Very thoughtful and kind advice, CountryBoy. This and your link is much appreciated.


----------



## Caddy (Nov 23, 2014)

DH and I got the flu shot in the fall, and have for the last 10 years. In that time I only had the flu once and that was this past year, I came down with the flu 3 days after my shot. DH got his shot as soon as they were available but I kept putting it off until I waited too long. Next year I will be there as soon as they are available. I'm against parents not giving their children vaccines, because they are relying on parents who do vaccinate to keep their children safe. I have not vaccinated Abbey since her 1 year booster and plan to do the same with Dolly, but lately I'm wondering if that choice is kinship to parents who are not vaccinating their children. Is this over vaccinating pets drive due to web myths and pushing sales in other areas? I'm just not so sure anymore...


----------



## marialydia (Nov 23, 2013)

Caddy said:


> I have not vaccinated Abbey since her 1 year booster and plan to do the same with Dolly, but lately I'm wondering if that choice is kinship to parents who are not vaccinating their children. Is this over vaccinating pets drive due to web myths and pushing sales in other areas? I'm just not so sure anymore...

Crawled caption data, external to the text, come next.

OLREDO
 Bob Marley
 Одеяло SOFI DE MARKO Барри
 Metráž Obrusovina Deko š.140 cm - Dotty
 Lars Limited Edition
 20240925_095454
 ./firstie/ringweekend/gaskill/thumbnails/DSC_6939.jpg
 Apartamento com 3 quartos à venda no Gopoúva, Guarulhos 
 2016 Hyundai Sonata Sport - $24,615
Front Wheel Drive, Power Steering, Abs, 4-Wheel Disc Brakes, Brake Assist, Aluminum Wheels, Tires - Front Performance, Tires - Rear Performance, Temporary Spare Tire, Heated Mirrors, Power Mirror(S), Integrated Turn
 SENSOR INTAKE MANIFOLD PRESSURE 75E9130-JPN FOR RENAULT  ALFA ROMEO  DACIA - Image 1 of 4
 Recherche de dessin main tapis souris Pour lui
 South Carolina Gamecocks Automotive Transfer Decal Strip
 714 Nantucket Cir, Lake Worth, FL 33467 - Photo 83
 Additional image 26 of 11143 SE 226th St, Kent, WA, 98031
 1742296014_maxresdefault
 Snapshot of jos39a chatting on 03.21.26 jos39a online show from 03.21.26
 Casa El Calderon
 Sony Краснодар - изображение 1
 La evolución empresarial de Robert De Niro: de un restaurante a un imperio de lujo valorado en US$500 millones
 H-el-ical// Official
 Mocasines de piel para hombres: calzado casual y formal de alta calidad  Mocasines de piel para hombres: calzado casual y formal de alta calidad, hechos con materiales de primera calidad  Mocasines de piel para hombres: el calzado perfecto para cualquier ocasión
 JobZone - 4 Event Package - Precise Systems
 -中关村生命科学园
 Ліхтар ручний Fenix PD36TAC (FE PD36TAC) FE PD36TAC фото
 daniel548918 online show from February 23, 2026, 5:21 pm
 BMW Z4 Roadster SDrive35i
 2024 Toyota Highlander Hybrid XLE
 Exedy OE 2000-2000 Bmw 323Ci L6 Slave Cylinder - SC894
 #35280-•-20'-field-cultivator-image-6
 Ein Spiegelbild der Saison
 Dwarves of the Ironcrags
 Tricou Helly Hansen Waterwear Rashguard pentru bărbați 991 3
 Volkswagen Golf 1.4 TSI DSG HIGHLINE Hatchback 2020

Like you, I get all my vaccines religiously, and, having worked for child health all my professional life, think that parents who don't vaccinate their children are dangerously, and selfishly, misguided.

I don't think we can apply this approach to dogs quite the same way. Of course, the herd immunity that comes with wide-scale vaccination does help all dogs; and none of us play games with rabies vaccine.

BUT, my understanding is that vaccines for animals are no where near as well tested or regulated as those for people. The dosages are the same regardless of the size of a dog, for example; and dogs have far more variation in size than people. Dosaging schedules are very well worked out for people, and many studies have been done to ensure coverage without overdoing it. There are however, many reasons to think that most of our pets are overvaccinated, with annual or tri-annual vaccines given without sufficient studies having been done on residual immunity.

I do think that for those of us who do not want to over-vaccinate our pets, doing a titre of immunity is important; let's not just assume that immunisations done once are enough.


----------



## glorybeecosta (Nov 11, 2014)

Say a prayer for me, I am afraid to get the flu shot as my friend got them every year and got deathly sick with the flu within 2 to 3 weeks evertime


----------



## Mfmst (Jun 18, 2014)

It’s been a very bad flu season in Texas. I got my shot extra early this year since I was going to be around my infant grandson. It’s so convenient, now that pharmacies offer the shots if your doctors visit didn’t coincide with flu season. By all means, wash your hands and use sanitizing wipes on shopping carts.


----------



## Skylar (Jul 29, 2016)

We get the flu shot early too. I've never gotten the flu which is great because I used to suffer multiple bouts of bronchitis each year in addition to daily asthma, the last thing I need on top of that would be the flu.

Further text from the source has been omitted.